Way back in 2006, I raised this issue in the online filing forum of the EPO (here). As I later discovered, CML was in fact already being considered by the EPO, as evidenced by a report published by Dr. Wendy Warr in 2004 (here, p.49-50). Since then, unless I'm very much mistaken, no progress seems to have been made whatsoever. Am I to understand that the filing powers that be and industry still have come to no agreement, or is it that, as I was led to believe, the USPTO is so entrenched in its use of TIFF that it can not adapt to a recognised standard for the representation of chemical formulae ? If so, then it really is a pretty poor show all round. After all, it is not as if there is no software around capable of converting a graphically driven interface rendering of a structure into compliant CML - there are now several, both proprietary and open source, and additionally capable of running on multiple operating systems (see herehere, and  here).

So what is holding back the adoption of CML directly in patent applications, instead of the current practice of having to draw the structures and save them as bitmap images, which are then copied into the word processing document, saved, recompressed and rendered un-reusable thereafter  ? How significant is the reticence or lack of knowledge on the part of patent attorneys or the subcontractors who prepare chemical drawings ?

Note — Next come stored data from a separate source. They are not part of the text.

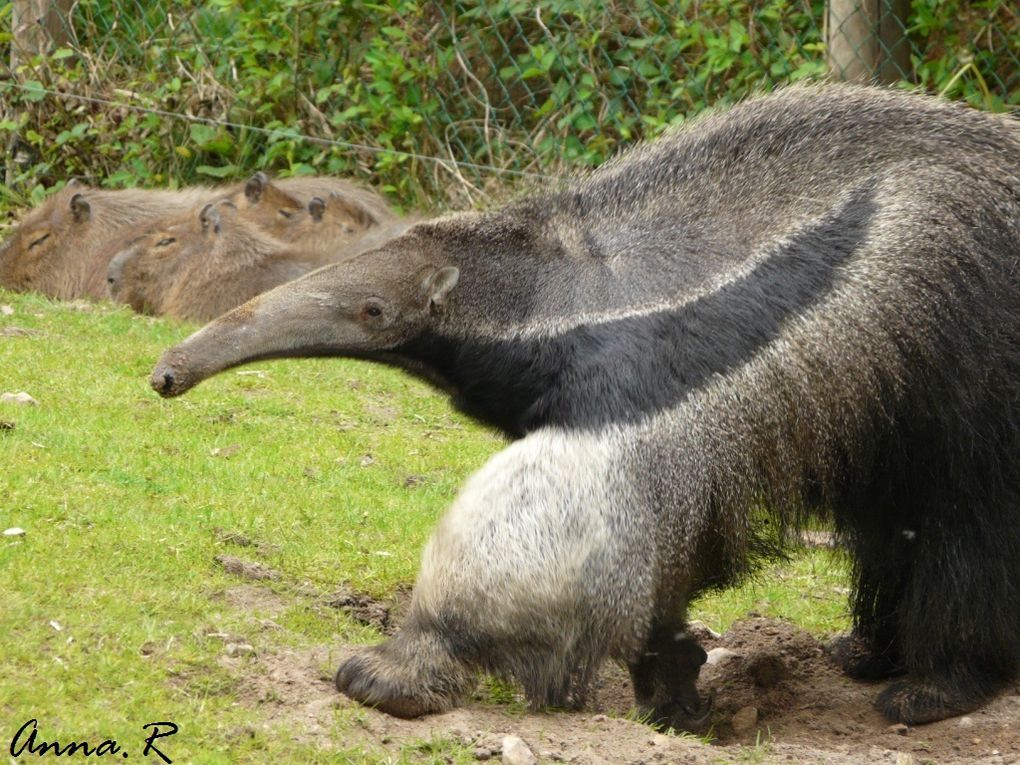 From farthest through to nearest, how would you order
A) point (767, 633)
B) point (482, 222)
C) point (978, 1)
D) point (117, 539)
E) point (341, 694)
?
point (978, 1) < point (767, 633) < point (117, 539) < point (482, 222) < point (341, 694)

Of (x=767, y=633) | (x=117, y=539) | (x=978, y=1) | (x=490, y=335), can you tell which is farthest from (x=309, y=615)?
(x=978, y=1)

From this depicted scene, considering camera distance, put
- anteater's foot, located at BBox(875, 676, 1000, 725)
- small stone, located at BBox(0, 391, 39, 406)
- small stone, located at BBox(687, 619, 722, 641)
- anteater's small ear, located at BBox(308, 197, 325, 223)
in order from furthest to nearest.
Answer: anteater's small ear, located at BBox(308, 197, 325, 223) → small stone, located at BBox(0, 391, 39, 406) → small stone, located at BBox(687, 619, 722, 641) → anteater's foot, located at BBox(875, 676, 1000, 725)

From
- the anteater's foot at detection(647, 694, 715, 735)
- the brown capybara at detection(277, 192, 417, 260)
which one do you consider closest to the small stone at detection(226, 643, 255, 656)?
the anteater's foot at detection(647, 694, 715, 735)

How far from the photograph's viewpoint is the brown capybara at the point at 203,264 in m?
11.3

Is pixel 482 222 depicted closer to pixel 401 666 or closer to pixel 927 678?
pixel 401 666

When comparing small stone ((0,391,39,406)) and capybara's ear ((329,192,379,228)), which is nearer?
small stone ((0,391,39,406))

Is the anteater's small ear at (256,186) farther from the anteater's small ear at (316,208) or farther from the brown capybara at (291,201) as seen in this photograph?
the anteater's small ear at (316,208)

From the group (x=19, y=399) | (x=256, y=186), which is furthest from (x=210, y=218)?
(x=19, y=399)

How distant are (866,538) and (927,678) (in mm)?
549

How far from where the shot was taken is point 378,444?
7.92 metres

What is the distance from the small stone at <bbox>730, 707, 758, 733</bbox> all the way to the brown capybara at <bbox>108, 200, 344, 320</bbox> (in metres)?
6.38

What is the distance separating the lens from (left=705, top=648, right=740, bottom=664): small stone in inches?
231

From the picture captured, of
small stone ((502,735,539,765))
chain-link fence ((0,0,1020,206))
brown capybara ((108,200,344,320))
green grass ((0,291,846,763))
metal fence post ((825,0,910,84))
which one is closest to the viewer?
small stone ((502,735,539,765))

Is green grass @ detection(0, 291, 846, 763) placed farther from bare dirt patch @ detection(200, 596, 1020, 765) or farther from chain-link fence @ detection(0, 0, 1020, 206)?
chain-link fence @ detection(0, 0, 1020, 206) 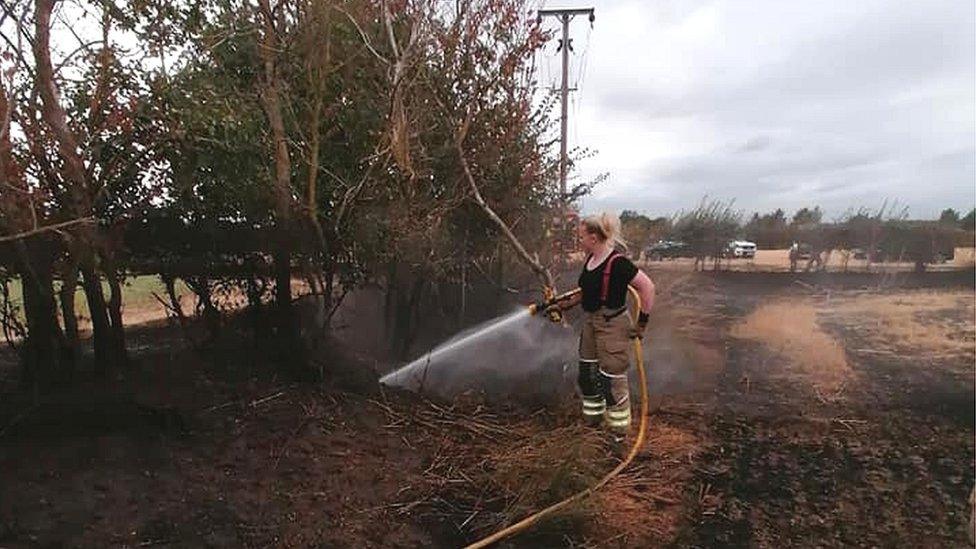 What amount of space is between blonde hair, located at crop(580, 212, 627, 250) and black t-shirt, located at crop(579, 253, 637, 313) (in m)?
0.13

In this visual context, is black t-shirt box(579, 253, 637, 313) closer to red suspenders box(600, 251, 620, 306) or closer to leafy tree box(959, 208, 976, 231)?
red suspenders box(600, 251, 620, 306)

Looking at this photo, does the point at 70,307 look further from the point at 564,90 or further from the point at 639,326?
the point at 564,90

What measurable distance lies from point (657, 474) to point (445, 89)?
4083 mm

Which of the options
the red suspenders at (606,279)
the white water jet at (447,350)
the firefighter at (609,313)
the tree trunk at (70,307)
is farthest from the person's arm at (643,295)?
the tree trunk at (70,307)

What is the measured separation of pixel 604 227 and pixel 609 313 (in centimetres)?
59

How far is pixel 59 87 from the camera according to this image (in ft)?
14.8

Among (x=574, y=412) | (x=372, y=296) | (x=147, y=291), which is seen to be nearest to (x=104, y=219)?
(x=147, y=291)

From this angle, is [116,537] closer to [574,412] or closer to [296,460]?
[296,460]

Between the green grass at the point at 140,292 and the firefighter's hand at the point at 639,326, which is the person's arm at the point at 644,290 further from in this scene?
the green grass at the point at 140,292

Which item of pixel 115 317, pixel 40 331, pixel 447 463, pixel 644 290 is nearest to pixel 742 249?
pixel 644 290

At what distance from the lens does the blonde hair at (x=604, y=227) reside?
4.74 m

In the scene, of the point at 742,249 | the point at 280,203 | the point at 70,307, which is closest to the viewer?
the point at 70,307

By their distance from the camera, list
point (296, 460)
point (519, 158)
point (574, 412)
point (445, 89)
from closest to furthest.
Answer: point (296, 460) < point (574, 412) < point (445, 89) < point (519, 158)

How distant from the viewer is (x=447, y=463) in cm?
450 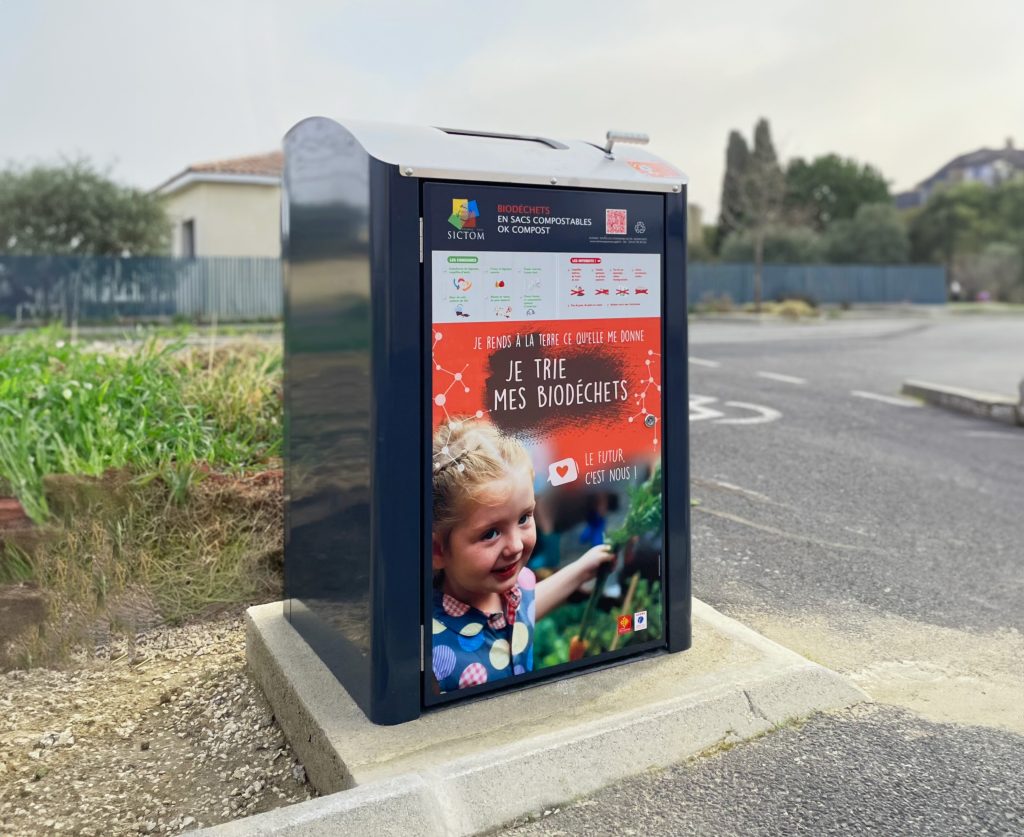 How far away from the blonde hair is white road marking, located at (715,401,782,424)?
5.92m

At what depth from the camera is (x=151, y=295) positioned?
2506cm

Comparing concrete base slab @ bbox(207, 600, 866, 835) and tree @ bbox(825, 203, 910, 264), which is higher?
tree @ bbox(825, 203, 910, 264)

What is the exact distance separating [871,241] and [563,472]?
47.1 meters

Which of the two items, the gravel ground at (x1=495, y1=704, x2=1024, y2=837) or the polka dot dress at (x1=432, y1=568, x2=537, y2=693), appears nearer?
the gravel ground at (x1=495, y1=704, x2=1024, y2=837)

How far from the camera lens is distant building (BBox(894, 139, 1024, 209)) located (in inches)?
2698

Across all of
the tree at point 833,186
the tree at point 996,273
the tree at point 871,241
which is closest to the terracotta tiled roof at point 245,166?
the tree at point 871,241

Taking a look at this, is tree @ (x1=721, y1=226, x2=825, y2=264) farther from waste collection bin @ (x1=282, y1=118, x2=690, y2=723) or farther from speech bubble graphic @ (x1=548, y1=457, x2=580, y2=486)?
speech bubble graphic @ (x1=548, y1=457, x2=580, y2=486)

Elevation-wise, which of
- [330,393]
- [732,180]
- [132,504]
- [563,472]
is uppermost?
[732,180]

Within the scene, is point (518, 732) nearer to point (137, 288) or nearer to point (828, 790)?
point (828, 790)

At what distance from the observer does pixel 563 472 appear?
2910mm

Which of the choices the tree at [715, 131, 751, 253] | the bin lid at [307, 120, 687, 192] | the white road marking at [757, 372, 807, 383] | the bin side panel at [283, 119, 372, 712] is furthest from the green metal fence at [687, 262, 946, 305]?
the bin side panel at [283, 119, 372, 712]

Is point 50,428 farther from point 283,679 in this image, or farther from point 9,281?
point 9,281

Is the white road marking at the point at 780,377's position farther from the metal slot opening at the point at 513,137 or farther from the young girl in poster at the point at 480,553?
the young girl in poster at the point at 480,553

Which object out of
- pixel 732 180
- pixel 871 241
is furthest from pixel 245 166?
pixel 732 180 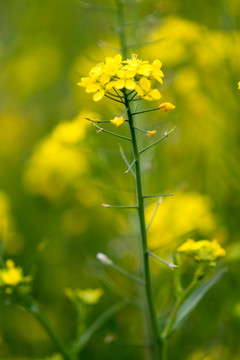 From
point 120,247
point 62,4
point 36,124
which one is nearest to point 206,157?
point 120,247

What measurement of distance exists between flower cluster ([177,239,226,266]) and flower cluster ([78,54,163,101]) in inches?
13.7

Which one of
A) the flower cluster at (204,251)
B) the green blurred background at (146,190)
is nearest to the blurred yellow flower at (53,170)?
the green blurred background at (146,190)

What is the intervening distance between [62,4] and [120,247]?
7.24 ft

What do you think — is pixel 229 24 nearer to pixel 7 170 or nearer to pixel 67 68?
pixel 7 170

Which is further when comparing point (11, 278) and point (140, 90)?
point (11, 278)

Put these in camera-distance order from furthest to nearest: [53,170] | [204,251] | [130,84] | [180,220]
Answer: [53,170] → [180,220] → [204,251] → [130,84]

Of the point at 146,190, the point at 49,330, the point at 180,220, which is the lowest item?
the point at 49,330

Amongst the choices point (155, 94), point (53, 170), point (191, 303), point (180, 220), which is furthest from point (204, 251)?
point (53, 170)

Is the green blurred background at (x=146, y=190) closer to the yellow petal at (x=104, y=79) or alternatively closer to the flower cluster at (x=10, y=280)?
the flower cluster at (x=10, y=280)

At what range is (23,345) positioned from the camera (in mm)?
1767

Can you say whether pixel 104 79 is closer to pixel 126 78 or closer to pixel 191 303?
pixel 126 78

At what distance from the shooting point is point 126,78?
2.58 ft

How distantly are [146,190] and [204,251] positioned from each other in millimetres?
647

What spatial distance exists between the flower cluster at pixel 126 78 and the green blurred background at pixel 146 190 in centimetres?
43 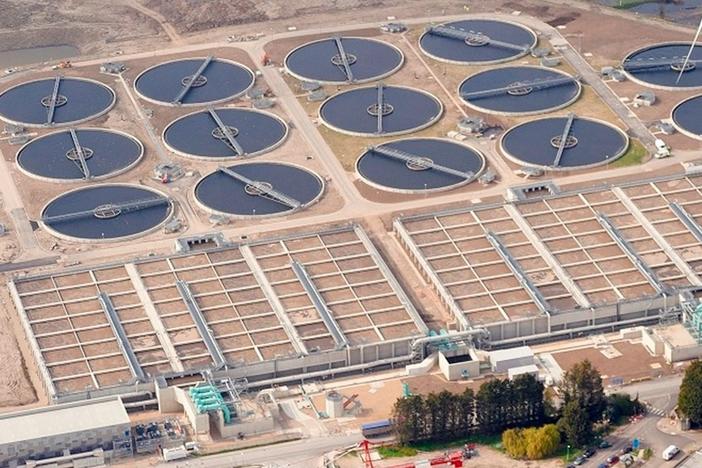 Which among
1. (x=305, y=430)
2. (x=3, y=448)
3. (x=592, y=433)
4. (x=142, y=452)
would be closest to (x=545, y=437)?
(x=592, y=433)

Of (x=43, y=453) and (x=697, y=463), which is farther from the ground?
(x=43, y=453)

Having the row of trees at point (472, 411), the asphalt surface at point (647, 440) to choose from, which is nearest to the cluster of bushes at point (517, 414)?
the row of trees at point (472, 411)

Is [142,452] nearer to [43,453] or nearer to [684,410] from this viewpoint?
[43,453]

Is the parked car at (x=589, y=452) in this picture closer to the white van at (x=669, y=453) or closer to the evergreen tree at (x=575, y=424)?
the evergreen tree at (x=575, y=424)

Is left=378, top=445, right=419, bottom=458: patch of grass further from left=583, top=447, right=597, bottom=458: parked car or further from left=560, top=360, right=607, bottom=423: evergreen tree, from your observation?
left=583, top=447, right=597, bottom=458: parked car

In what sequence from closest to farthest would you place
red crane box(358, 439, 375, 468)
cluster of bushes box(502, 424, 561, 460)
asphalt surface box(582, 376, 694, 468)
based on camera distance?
cluster of bushes box(502, 424, 561, 460), red crane box(358, 439, 375, 468), asphalt surface box(582, 376, 694, 468)

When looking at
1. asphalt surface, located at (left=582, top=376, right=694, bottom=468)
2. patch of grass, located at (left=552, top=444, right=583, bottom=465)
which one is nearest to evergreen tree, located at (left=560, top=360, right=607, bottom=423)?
asphalt surface, located at (left=582, top=376, right=694, bottom=468) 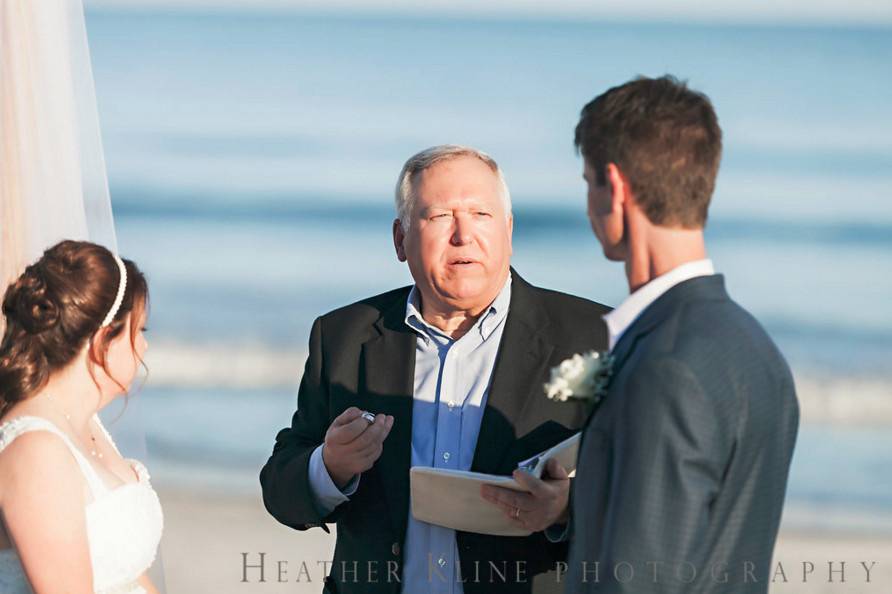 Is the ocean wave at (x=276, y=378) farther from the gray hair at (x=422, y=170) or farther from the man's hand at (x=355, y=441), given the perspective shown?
the man's hand at (x=355, y=441)

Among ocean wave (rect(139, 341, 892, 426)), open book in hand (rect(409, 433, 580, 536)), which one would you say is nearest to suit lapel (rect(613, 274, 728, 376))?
open book in hand (rect(409, 433, 580, 536))

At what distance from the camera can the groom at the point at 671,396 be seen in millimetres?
2330

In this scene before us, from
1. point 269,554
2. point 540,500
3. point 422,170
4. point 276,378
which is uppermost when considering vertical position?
point 422,170

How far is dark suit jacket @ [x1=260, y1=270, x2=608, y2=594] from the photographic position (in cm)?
356

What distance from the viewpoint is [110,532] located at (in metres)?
3.19

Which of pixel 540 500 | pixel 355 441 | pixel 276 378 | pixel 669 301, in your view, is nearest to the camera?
pixel 669 301

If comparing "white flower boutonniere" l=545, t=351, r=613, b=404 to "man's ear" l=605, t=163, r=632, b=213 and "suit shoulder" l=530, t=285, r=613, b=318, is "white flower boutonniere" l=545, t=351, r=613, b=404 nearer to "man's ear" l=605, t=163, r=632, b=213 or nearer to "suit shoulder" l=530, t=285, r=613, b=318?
"man's ear" l=605, t=163, r=632, b=213

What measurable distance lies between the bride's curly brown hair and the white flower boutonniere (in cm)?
122

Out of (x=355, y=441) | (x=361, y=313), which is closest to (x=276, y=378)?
(x=361, y=313)

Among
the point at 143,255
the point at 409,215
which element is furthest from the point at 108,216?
the point at 143,255

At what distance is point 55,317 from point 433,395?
1.14 meters

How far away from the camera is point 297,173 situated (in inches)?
729

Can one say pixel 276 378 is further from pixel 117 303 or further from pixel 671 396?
pixel 671 396

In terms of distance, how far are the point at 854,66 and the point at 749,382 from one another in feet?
61.0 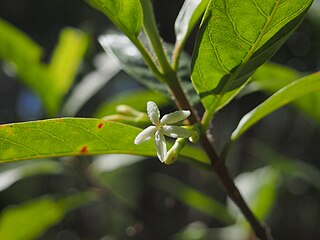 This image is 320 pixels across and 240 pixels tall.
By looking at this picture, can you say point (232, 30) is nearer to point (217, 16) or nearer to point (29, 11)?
point (217, 16)

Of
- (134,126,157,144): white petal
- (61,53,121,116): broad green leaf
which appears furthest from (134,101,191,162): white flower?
(61,53,121,116): broad green leaf

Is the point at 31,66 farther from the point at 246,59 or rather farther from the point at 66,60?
the point at 246,59

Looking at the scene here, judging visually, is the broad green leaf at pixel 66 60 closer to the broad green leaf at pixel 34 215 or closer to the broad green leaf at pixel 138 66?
the broad green leaf at pixel 34 215

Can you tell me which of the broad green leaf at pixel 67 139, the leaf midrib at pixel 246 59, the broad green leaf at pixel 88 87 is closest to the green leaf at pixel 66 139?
the broad green leaf at pixel 67 139

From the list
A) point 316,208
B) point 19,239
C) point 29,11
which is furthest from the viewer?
point 29,11

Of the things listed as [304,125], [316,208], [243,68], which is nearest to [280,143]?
[304,125]

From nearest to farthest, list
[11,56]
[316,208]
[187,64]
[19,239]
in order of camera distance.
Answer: [187,64], [19,239], [11,56], [316,208]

If anyone has any gems of information on the subject, I would be interested to know.

Tuesday, April 13, 2010

Employee Inventions - Private Sector Makeover

A proposed piece of legislation was recently filed with the French parliament relating to revamping the current wishy-washy legislation about employee inventor remunerations into something half-decent (in theory at least), hopefully with some teeth, and with the purported aim of stimulating the French economy and turning the nation's patent applicants into a "file first, file fast, ask questions later" IP cowboy. The proposed text can be found here:

http://www.assemblee-nationale.fr/13/propositions/pion2288.asp

The aim of this long sought after legislation (at least from the various inventors' lobbies) is to bring the private sector into line with handling of public sector employee inventions, which have been codified (and operational) for some time now.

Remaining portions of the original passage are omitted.